Please give back, exactly as written, only the line containing "Building Photo - 41 Morgan Pl" and every line after it until the data below ends.
** Listed entries follows **
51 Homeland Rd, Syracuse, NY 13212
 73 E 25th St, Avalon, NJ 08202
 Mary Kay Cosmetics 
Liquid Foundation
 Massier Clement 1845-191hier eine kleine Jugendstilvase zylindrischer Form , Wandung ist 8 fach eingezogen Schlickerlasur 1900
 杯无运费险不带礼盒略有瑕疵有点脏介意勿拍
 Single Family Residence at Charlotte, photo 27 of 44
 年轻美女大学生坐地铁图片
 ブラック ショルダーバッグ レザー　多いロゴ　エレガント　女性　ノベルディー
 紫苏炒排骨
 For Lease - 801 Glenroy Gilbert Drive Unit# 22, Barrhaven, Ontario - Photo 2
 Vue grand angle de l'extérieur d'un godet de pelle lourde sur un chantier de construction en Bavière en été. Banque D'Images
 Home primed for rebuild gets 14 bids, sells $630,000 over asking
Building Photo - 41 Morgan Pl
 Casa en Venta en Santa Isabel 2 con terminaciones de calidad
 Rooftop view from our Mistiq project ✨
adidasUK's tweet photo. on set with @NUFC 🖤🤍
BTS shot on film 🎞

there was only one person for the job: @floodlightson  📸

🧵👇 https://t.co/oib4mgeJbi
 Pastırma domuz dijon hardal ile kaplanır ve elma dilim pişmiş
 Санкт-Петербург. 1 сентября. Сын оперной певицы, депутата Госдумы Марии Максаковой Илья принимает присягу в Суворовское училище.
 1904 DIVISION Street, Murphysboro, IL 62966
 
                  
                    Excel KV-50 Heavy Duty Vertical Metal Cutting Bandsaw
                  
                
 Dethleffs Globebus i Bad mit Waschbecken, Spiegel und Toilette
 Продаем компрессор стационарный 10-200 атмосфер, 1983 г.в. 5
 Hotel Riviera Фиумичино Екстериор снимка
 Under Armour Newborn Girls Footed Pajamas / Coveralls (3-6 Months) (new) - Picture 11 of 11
** End of Listed entries **
== Finished exercise ==
Building Photo - 41 Morgan Pl
 Casa en Venta en Santa Isabel 2 con terminaciones de calidad
 Rooftop view from our Mistiq project ✨
adidasUK's tweet photo. on set with @NUFC 🖤🤍
BTS shot on film 🎞

there was only one person for the job: @floodlightson  📸

🧵👇 https://t.co/oib4mgeJbi
 Pastırma domuz dijon hardal ile kaplanır ve elma dilim pişmiş
 Санкт-Петербург. 1 сентября. Сын оперной певицы, депутата Госдумы Марии Максаковой Илья принимает присягу в Суворовское училище.
 1904 DIVISION Street, Murphysboro, IL 62966
 
                  
                    Excel KV-50 Heavy Duty Vertical Metal Cutting Bandsaw
                  
                
 Dethleffs Globebus i Bad mit Waschbecken, Spiegel und Toilette
 Продаем компрессор стационарный 10-200 атмосфер, 1983 г.в. 5
 Hotel Riviera Фиумичино Екстериор снимка
 Under Armour Newborn Girls Footed Pajamas / Coveralls (3-6 Months) (new) - Picture 11 of 11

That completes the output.